Worse still, the government is doing nothing to change this. If it wanted an informed debate about Brexit, it could have followed the example of Gordon Brown in the early 00s who commissioned weighty academic papers on whether the UK should join the euro*. But it hasn't. Worse still, the absurd proposal to ban academics from lobbying might already be having a silencing effect.

Now, none of this is to say that Brexit necessarily should be judged on solely technocratic grounds. Steve is right to say that technocrats have their limits:

Wonks are the help. The role of the democratic process is to adjudicate interests and values. Wonks get a vote just like everyone else, but expertise on technocratic matters ought not translate to any deference on interests and values. If your theory of democracy is that informed citizens ought to cast votes based on the best social science, you have no theory of democracy at all.

But I fear that, in this case, we have the opposite problem: an under-use of wonks, rather than an over-use. This poses the risk that, whichever way the Brexit referendum goes, voters might be unpleasantly and unnecessarily surprised by what they get.

Luckily, I suspect that this risk is small: the stakes might - ultimately - be lower than people think.

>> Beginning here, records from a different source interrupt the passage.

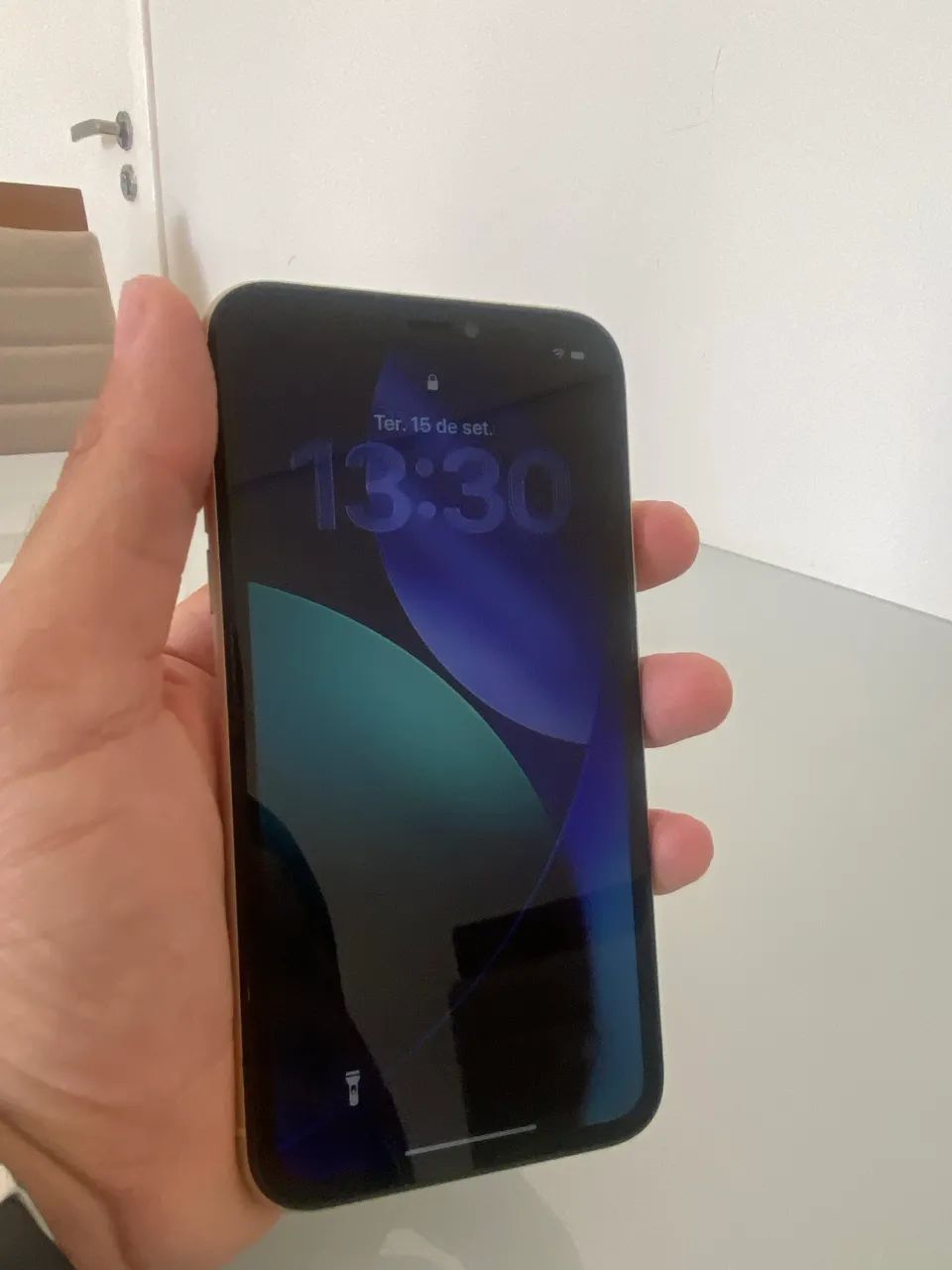 iPhone 11 Branco 128gb - Foto 4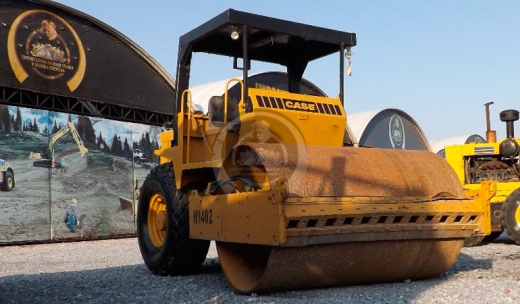 Vibrocompactadores CASE W1402D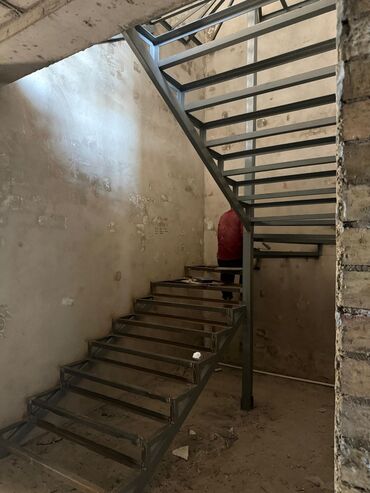 таунхаус беш кунгей: Таунхаус, 266 м², 9 комнат, Агентство недвижимости, ПСО (под самоотделку)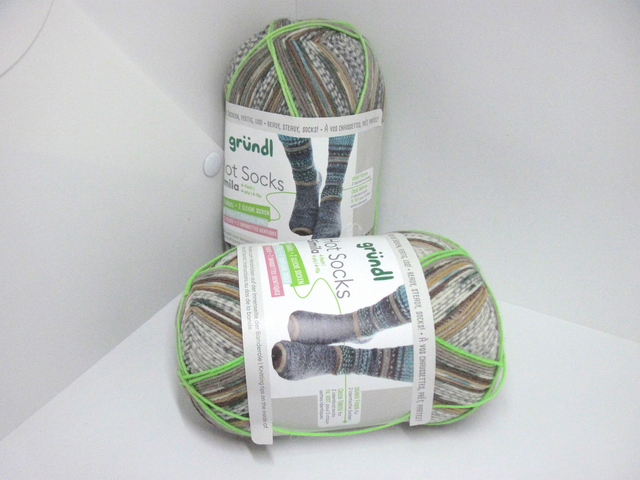 Pelote de fil à tricoter &quot;chaussettes&quot;  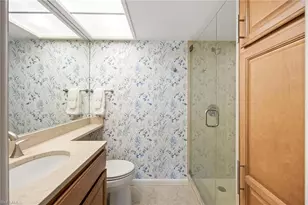 45 High Point Cir S, Naples, FL 34103 - Photo 14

But if I'm right, this owes nothing to our political culture.

Underling the Brexit debate, therefore, is what might be a more important set of issues: what role should expertise play in politics? How best can that expertise be used? These issues, though, are being ignored. Which, of course, suits charlatans and third-raters perfectly well.

* Yes, he did so for support rather than illumination - but my point holds.